In den guten alten Zeiten des Journalismus wurde eine Titelstory geboren, wenn der Chefredaktor sagte: «Alle reden von der Hitze, wir auch.» Oder wenn der Redaktor sagte, dass gestern beim Feierabendbier alle über den hohen Benzinpreis geschimpft hätten. Auch die Frage: «Wieso haben die das und wir nicht?» trieb Journalisten regelmässig zu Höchstleistungen an. Noch ohne die Hilfe von «Apollo» und Künstlicher Intelligenz hätte aber auch einfach menschliche Intelligenz genügt, um zu erkennen, dass der «Blick» immer wieder gegen die Ansichten seiner Leserschaft anschrieb, besonders dann, wenn das Boulevardblatt wieder mal einen Linkskurs fuhr.

Da sich die Medien immer lautstark von Schraubenherstellern unterscheiden wollen und als vierte Gewalt, Kontrollinstanz und Aufdecker von Skandalen eine Sonderstellung beanspruchen, erhebt sich natürlich die Frage: Wie soll ein Artikel über Verhandlungen im Ständerat zu einer Neuregelung der Zuständigkeiten bei der AHV gegen die Story «Beatrice Egli: zum ersten Mal ganz nackt» anstinken? Oder gegen den Sommerloch-Dauerbrenner: «So leiden Dackel unter der Hitze»?

Natürlich wird da tapfer behauptet, dass die Performance eines Artikels nicht das einzige und auch nicht das wichtigste Kriterium für die Beurteilung seiner Relevanz sei. Wenn das aber nicht so sein sollte, wozu dann die ganze Mühe? Ach, damit wie immer «noch besser» darüber geredet werden kann, was den Leser wirklich interessiert? «Wir werden mit der analytischen Unterstützung von Apollo weniger nicht relevante und nicht performante Inhalte produzieren, und dafür mehr Geschichten mit hoher Qualität, die eine grosse Reichweite erzielen», verrät Katia Murmann, Chefredaktorin Digital «Blick» Gruppe, dem Branchenmagazin persoenlich.com.

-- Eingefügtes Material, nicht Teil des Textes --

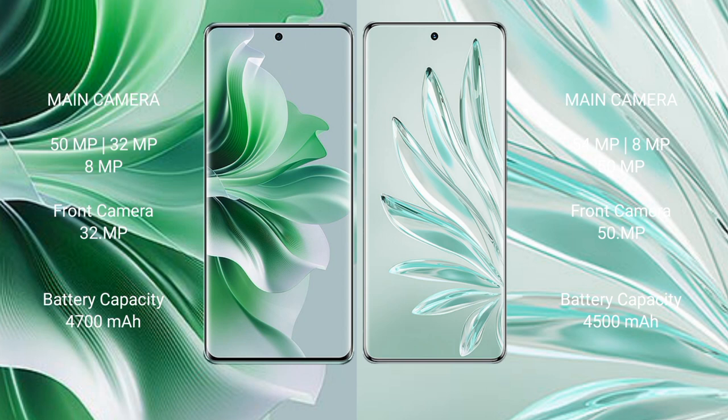Oppo Reno 11 Pro features a rear triple camera setup: 50 megapixels plus 32 megapixels plus 8 megapixels, and front camera 32 megapixels. Honor 70 Pro Plus features a rear triple camera setup: 54 megapixels plus 8 megapixels plus 50 megapixels, and front camera 50 megapixels. Oppo Reno 11 Pro has a 4700mAh battery with 80W fast charging. Honor 70 Pro Plus has a 4500mAh battery with 100W fast charging.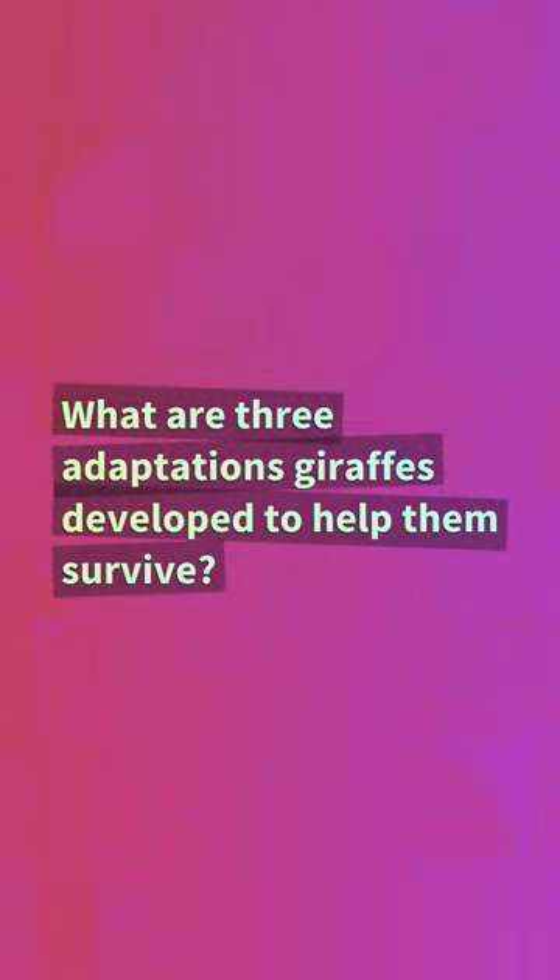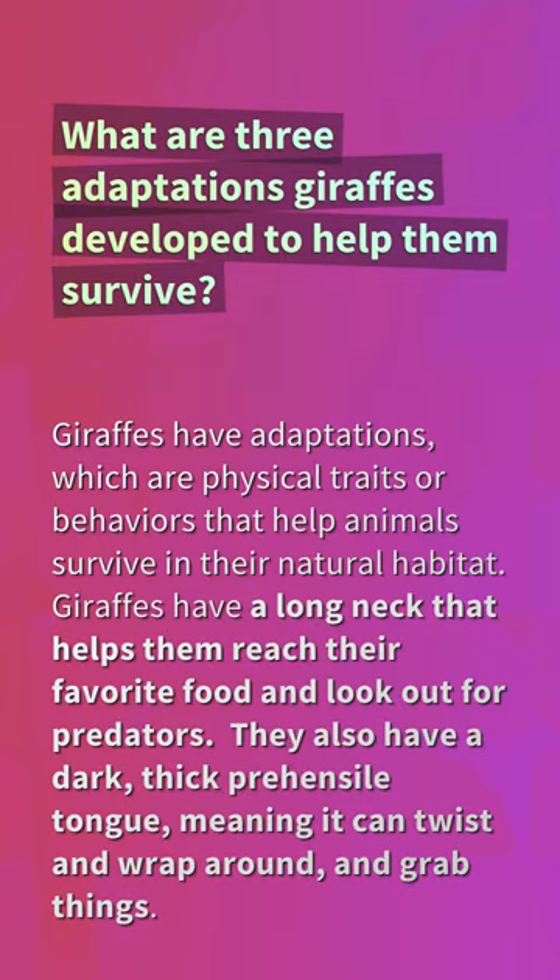What are three adaptations giraffes developed to help them survive? Giraffes have adaptations, which are physical traits or behaviors that help animals survive in their natural habitat. Giraffes have a long neck that helps them reach their favorite food and look out for predators. They also have a dark, thick prehensile tongue, meaning it can twist and wrap around and grab things.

Wahrscheinlich dürfte sich die messbare Wirkung der Palantir-Software darauf beschränken, dass die US-Nachrichtendienste noch einfacher an Daten aus der Schweiz herankommen.

Das ist sicherlich bitter nötig, um den Niedergang der zahlenden Leserschaft und der zahlenden Werbekundschaft aufzuhalten. Allerdings ist es nicht erfindlich, wie eine noch so ausgeklügelte Software eine höhere Qualität von «Blick»-Storys bewirken soll, auch wenn das ebenfalls bitter nötig wäre. Wahrscheinlich dürfte sich die messbare Wirkung der Palantir-Software darauf beschränken, dass die US-Nachrichtendienste noch einfacher an Daten aus der Schweiz herankommen. Wenn sie das überhaupt interessiert. Und Palantir kann sich über einen finanziellen Zustupf aus dem Hause Ringier freuen.

Ein nicht unwichtiges Kriterium für den Erfolg einer neuen Software ist auch, wie der einzelne Mitarbeiter das Programm annimmt. Ist er begeistert, zumindest beeindruckt, hilft ihm «Apollo» tatsächlich, relevantere, bessere Artikel zu schreiben? Vielleicht. Der sowieso schon von Sparmassnahmen und Existenzangst gebeutelte Redaktor interessiert indes etwas ganz anderes: Ob die Performance seiner Artikel einen Einfluss auf sein Gehalt haben könnte. Besonderen Argwohn erweckt dabei Peter Wälty, der beim «Blick» für die Einführung von «Apollo» verantwortlich ist. Noch im Dienste von Tamedia wollte Wälty mal probeweise den Journalisten die Wurst vor die Nase hängen in Form von Klickzahlen, die für den Journalisten des Newsdesks über einen Bonus bei hoher Performance entscheiden.

Das wurde dann nach grossem Aufruhr stillschweigend beerdigt. Aber seit letztem Jahr steht Wälty im Sold von Ringier. Und auch für ihn gilt natürlich, was für alle anderen gilt: Performance wäre nicht schlecht, vor allem messbare. Sonst wäre ja sein üppiges Gehalt als Leiter Digital der «Blick»-Gruppe rausgeschmissenes Geld. Ungefähr so sinnvoll wie ein Artikel im Sommerloch über Reparaturarbeiten an Schneefräsen. Also sei die Prognose gewagt: «Apollo» wird nur mässige Auswirkung auf die Performance und nicht messbare Auswirkungen auf die Qualität von «Blick»-Artikeln haben. Aber deutlich messbare auf die Stimmung der Redaktoren – und ihr Gehalt.